Eine Woche lang abgeriegelt
Der Wohnkomplex wurde in der Zeit vom 18. Juni bis zum 25. Juni 2020 mit Bauzäunen umsperrt und durch Ordnungsamt, Polizei und private Sicherheitsdienste abgesichert. Die Bewohner durften das Haus nicht verlassen. Zweimal täglich sollten sie kostenlose Mahlzeiten bekommen, Care-Pakete mit Lebensmitteln und Hygieneprodukten sollten bis vor die Wohnungstür geliefert werden. Doch das funktionierte - zumindest in den ersten Tagen - nur schlecht. Mehrere Bewohner beschwerten sich damals, nicht genug zu essen zu haben.

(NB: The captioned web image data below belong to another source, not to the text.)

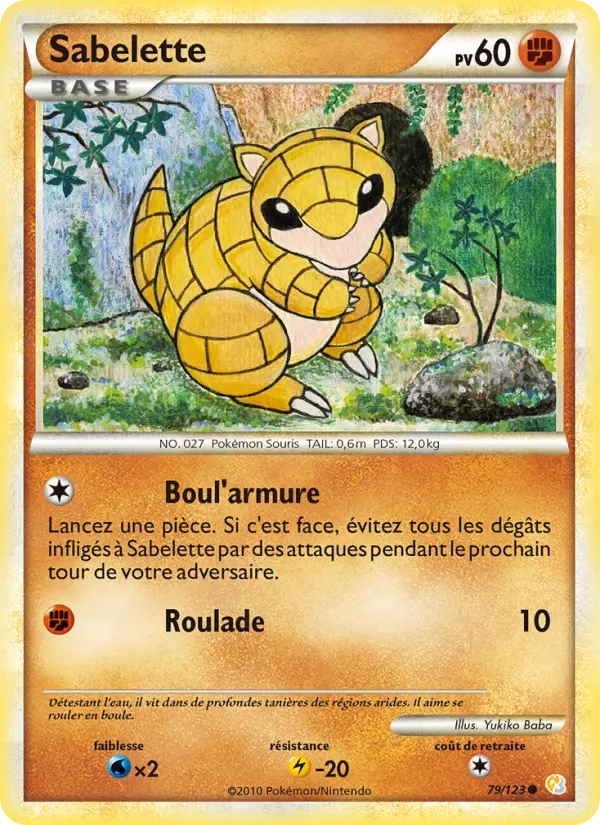 Sabelette — Carte Pokémon 79 HeartGold SoulSilver
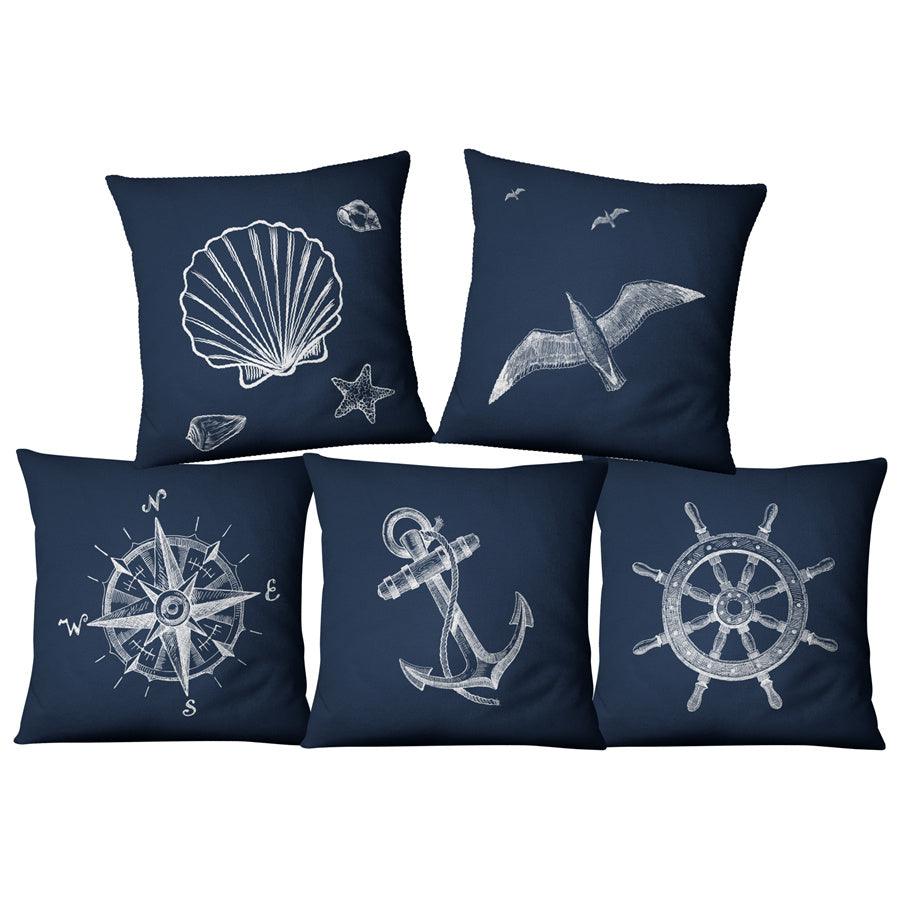 Navigation Navy Blue Nautical Shell Starfish Linen Pillow Cover Blue Anchor Navigation Anchor Sailboat Pillowcase Marine Cushion Cover Sofa Home Decorative Cushion Cover For Home
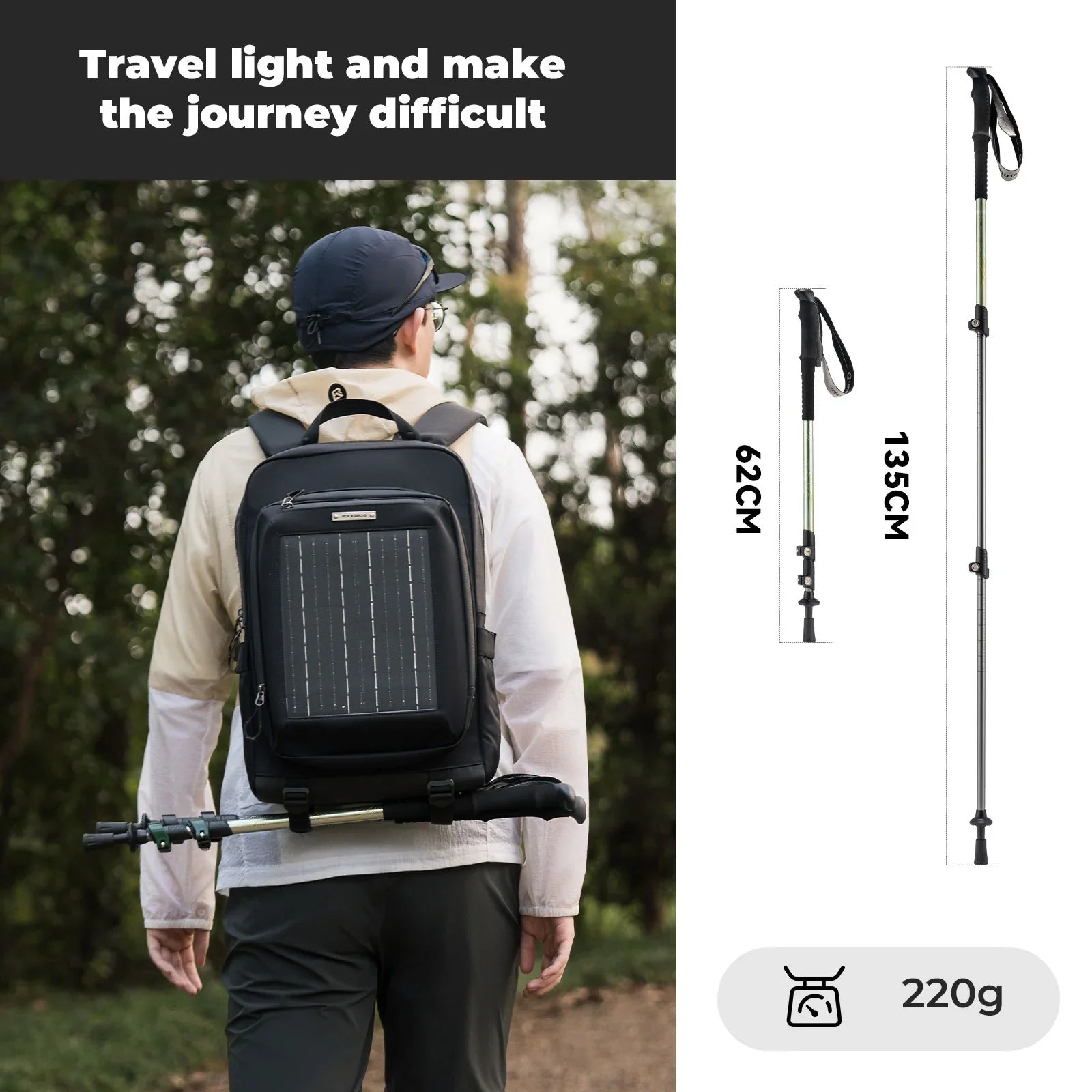 Qunature Global ultra-light 3-section trekking pole with ergonomic handle and adjustable length for outdoor adventures.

Es kam zu Ausschreitungen mit der Polizei
Nach drei Tagen eskalierte die Lage in Göttingen. Etwa 80 bis 100 Bewohner versammelten sich an der äußeren Absperrung. Mehrere Personen versuchten, über die Bauzäune zu klettern, einige warfen zudem mit Flaschen, Steinen, Haushaltsgegenständen und Pyrotechnik auf die Polizei. Acht Polizeibeamte wurden verletzt. Nur "mit massivem Einsatz von Pfefferspray" hätten die Einsatzkräfte verhindern können, dass die Absperrung durchbrochen wurde, so ein Polizeisprecher damals.
Familie klagt wegen Freiheitsentziehung
Eine vierköpfige Familie klagt nun vor dem Verwaltungsgericht Göttingen. Sie musste zur Zeit der Abriegelung in ihrer Wohnung ausharren und durfte das Haus nicht verlassen. Konkret richtet sich ihre Klage gegen die Umzäunung des Wohnblockes, die eine richterliche Anordnung erfordert hätte. Eine solche gab es nicht, so die Kläger. Sie sehen deshalb ihre Freiheitsrechte verletzt.
Grüne und Linke kritisierten Maßnahmen als überzogen
Politiker der Grünen und Linken sowie Kirchenvertreter hatten die Stadt bereits im Juni 2020 wegen der drastischen Abriegelung des Wohnkomplexes kritisiert. Die Bewohner seien vorab nicht informiert worden und seien dazu gezwungen worden, zusammen mit Infizierten auf dem Gelände zu sein. Grünen-Ratsherr Thomas Harms sprach von einem "verschärften Arrest" für 700 Personen, der vor allem “die Ärmsten der Armen, darunter sehr viele Kinder" getroffen habe.
Bewohner leben unter teils prekären Bedingungen
Der Wohnkomplex an der Groner Landstraße gilt in Göttingen schon lange als sozialer Brennpunkt. Die Wohnungen sind nur 19 bis 39 Quadratmeter groß - nach Angaben der Stadt leben dort teilweise Familien mit vier Kindern. Die Vollquarantäne im Juni 2020 sei deshalb "keine leichte Entscheidung" gewesen – so der damalige Oberbürgermeister Rolf-Georg Köhler. Dennoch hätte es für die drastischen Maßnahmen keine Alternative gegeben.